**INFORMATION SHOWN**
# # # # #

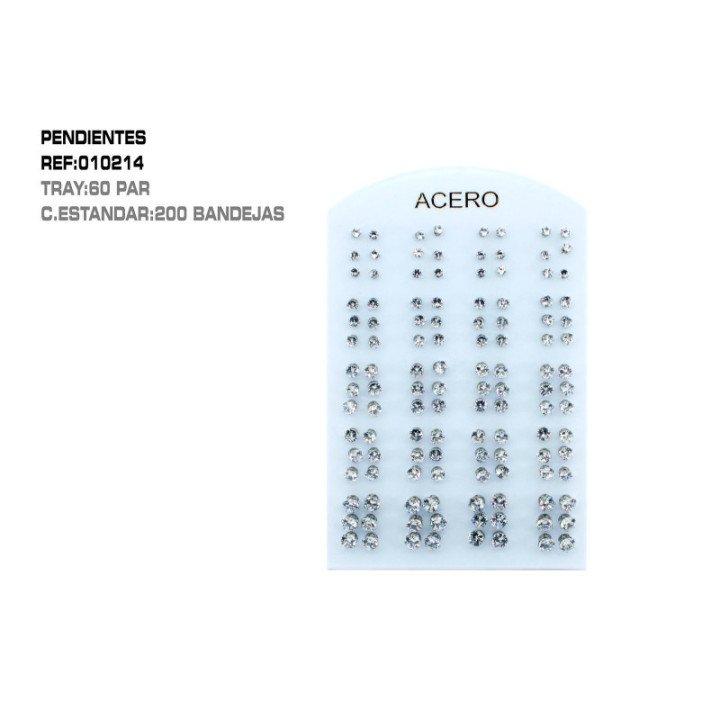 010214 : PACK PEND.36P
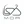 معا استور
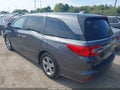 2020 Honda Odyssey — photo 3 of 16 | VIN 5FNRL6H54LB063142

# # # # #

Retype all of the material above precisely as it reads. Pictures are not part of the copy.

 010214 : PACK PEND.36P
 معا استور
 2020 Honda Odyssey — photo 3 of 16 | VIN 5FNRL6H54LB063142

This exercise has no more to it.